The teacup grip is often seen being used in the movies, with the grip hand sitting in the palm of the "other" hand. It provides no support at all, allowing the wrist to flex, and from this position, controlling vertical recoil is virtually impossible.
The third common mistake is referred to as the finger forward grip where the index finger of the wrap hand is wrapped around the front of that niftyily contoured trigger guard. Looks okay, and the way that the triggerguards are designed on numerous modern handguns, it appears to be appropriate. However, it prevents the shooter from getting a firm, strong grip on the handgun. The weakened grip makes the handgun harder to control during recoil.
Combat sighting is in some respects, a simple process. Marty Hayes, owner of the Firearms Academy of Seattle says it this way. "Your sights must aligned with the target at the moment the hammer falls."
There a two well-accepted methods for ensuring this alignment in a stress-filled situation. Flashsighting, and point sighting or point shooting.

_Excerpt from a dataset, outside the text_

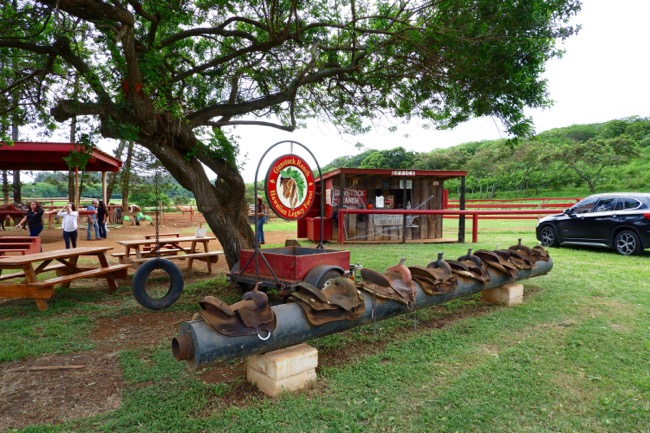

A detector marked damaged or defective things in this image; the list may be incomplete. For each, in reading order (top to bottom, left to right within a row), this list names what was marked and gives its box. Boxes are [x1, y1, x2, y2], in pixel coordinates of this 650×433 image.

rusty metal pipe [172, 258, 552, 370]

Flashsighting - Using this technique, the shooter raises the handgun to the standard shooting position; focusing exclusively on the front sight, and when the front sight is somewhere in between the rear sights, on the rough center of the target, the shooter fires. It doesn't matter where on the target the front sight is positioned; at three to seven yards even the worst flash sighting picture accomplishes hits within an area the size of a piece of typing paper.
Point shooting - also called threat focused shooting, is a method of shooting a firearm that relies on a shooter's instinctive reactions to quickly engage close targets.
The shooter employs a two-handed grip, extending the firearm straight forward, but below eye level with the eye focused directly on center mass. The technique is intended for use in life-threatening situations where the use of sight shooting cannot be employed due to lack of time to use the gun's sights, low-light conditions, or because of the body's natural reaction to close quarters threats which prevent meeting the marksmanship requirements of sight shooting.
Point shooting attempts to harness the innate ability to point at the target in such a way that the shooter can use that ability to hit targets with a firearm. This may be done in a variety of ways which differ depending upon the method used. The one thing that point shooting methods have in common is that they do not rely on the sights, and they strive to increase the shooter's ability to hit targets at short range under the less than ideal conditions expected in close quarters life threatening situations.
Trigger Pull - Pulling the trigger should be the only motion involved in firing the weapon. It must be smooth and precise. Pulling the trigger should not effect (i.e. move in any way) any part of the gun other than the trigger. Sloppy or inconsistent trigger pull will cause more inaccuracy than any other aspect of shooting. When pulling the trigger, you should use the pad of the finger and pull the trigger straight back. Pulling at an angle, even slightly, can change the point of aim prior to firing. Dry firing (i.e. pulling the trigger without a live round in the chamber) is beyond a doubt the best exercise for increasing shooter accuracy.
This should be practiced repeatedly, until the shooter can squeeze the trigger without moving the gun at all. The firing pins on many weapons can be damaged by dry firing, so the shooter should shop at gun stores for plastic dummy rounds that will protect the firing pin while dry firing the weapon.